The “biggest bang” in production from one of the new initiatives will come from Helicopter Training Next, which shifts pilots from learning fixed-wing flying first to going directly to rotary wing instruction. This move will free up more slots in the T-6 trainer fleet and “automatically means 60-80-90 additional grads a year” in fixed-wing, he said. Additionally, HTN means “about six months” off the usual helicopter training period, he said, because pilots won’t have to make a permanent change of station from a fixed-wing UPT base to helicopter training at Fort Rucker, Ala., or to a civilian helo school. It also “shaves” about $250,000 per student off the bill.

Taking the T-1 Jayhawk out of the mobility pilot pathway—shifting to an almost all-simulator track—also will free up aircraft for assessment and training of alternate-source pilot candidates, Wills said.

“So, between the two of those, we see great potential on the production side.” Attracting civilian pilots to become USAF pilots is a “great unknown,” though, because it’s uncertain how long the current lull in airline hiring will last, and because the Air Force requires that “you be willing to fight and kill and potentially die for your country.”

Another 50-100 additional pilots might come from streamlined paths to wings for ROTC graduates of “aviation-accredited schools” that provide significant flying training, Wills said.

The Air Force is still looking at the track record of experimental versions of the new pilot training programs, checking grades and other factors to see if it has struck “the right balance” of simulator versus real-world flying time, but Wills thinks “we have it about right,” and the resulting pilots will be “safe and lethal.”
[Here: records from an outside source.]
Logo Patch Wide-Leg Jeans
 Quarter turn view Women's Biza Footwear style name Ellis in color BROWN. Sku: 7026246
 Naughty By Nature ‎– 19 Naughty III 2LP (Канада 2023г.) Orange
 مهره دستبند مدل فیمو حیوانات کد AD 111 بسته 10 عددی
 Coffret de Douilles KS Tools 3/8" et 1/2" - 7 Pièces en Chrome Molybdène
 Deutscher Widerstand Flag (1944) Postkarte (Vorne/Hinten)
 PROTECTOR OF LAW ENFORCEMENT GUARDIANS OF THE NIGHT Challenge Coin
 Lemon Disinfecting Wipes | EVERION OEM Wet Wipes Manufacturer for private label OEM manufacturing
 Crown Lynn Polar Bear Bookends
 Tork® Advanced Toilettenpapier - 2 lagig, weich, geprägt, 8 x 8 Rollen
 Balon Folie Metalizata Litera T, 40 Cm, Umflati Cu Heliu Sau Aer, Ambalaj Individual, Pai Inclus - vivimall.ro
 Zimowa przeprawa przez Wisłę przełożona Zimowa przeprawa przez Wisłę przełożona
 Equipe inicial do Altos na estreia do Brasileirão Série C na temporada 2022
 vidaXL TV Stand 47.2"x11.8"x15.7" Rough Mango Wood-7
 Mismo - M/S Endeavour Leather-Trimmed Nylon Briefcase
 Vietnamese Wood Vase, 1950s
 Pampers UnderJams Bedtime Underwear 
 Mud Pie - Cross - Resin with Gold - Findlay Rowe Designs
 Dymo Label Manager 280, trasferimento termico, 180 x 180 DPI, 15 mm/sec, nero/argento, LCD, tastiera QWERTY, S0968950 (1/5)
He’s also expanding the introductory flight training program, “pushing more hours to the left,” in a light airplane. The program assesses students’ ability to learn flying in a relatively inexpensive way, and by adding more hours—up to 50, with 40 of those flying under visual flight rules and another 10 on instruments—in this phase, USAF can cost-effectively enhance the chance of success.

“We’re probably losing candidates,” that, given more time in the introductory phase, “could do really well” when they advance to the “high performance turboprop” T-6.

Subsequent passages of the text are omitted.